Lost circulation costs are a significant expense in drilling oil and gas wells. Drilling anywhere in the Rumaila field, one the world's largest oilfields, requires penetrating the Dammam formation, which is notorious for lost circulation issues and thus a great source of information on lost circulation events.
This paper presents a new, more precise model to predict lost circulation volumes, ECD and ROP in the Dammam formation. A larger data set, more systematic statistical approach, and a machine learning algorithm have produced statistical models that give a better prediction of the lost circulation volumes, ECD, and ROP than the previous models for events. This paper presents the new model, validates the key elements impacting lost circulation in the Dammam formation, and compares the predicted outcomes to those from the older model.
The work previously in the literature provided a platform for predicting the severity of lost circulation incidents in the Dammam formation. Using the new models, the predictions closely track actual field incidents of lost circulation. When new lost circulation events were compared with predictions from the old and new models, the new model presented a much tighter prediction of events.
Three equations for optimizing operations were developed from these models focusing on the elements that have the highest degree of impact. The total flow area of the nozzles was determined to be a significant factor in the ROP model indicating that nozzle size should be chosen carefully to achieve optimal ROP.

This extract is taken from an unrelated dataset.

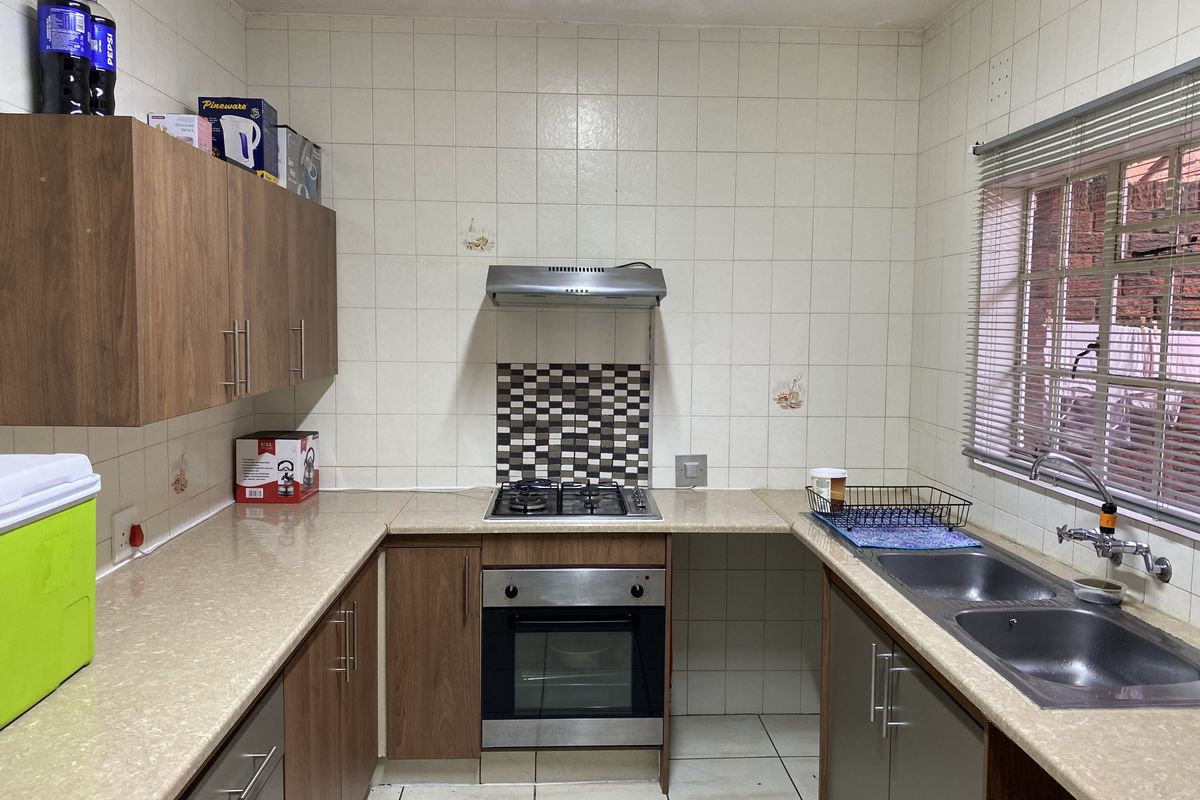 2 Bedroom Duplex For Sale Boksburg South - Photo 2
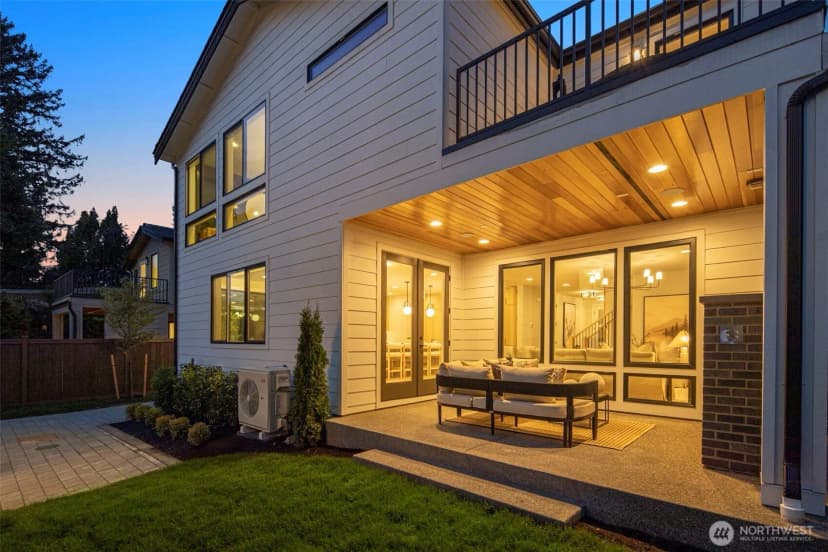 Property photo for 615 & 617 13th Avenue W, Kirkland photo 22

Good modeling of projected lost circulation events can assist in evaluating the effectiveness of new treatments for lost circulation. The Dammam formation is a significant source of lost circulation in a major oilfield and warrants evaluation of the effectiveness of lost circulation treatments. These techniques can be applied to other fields and formations to better understand the economic impact of lost circulation and evaluate the effectiveness of various lost circulation mitigation efforts.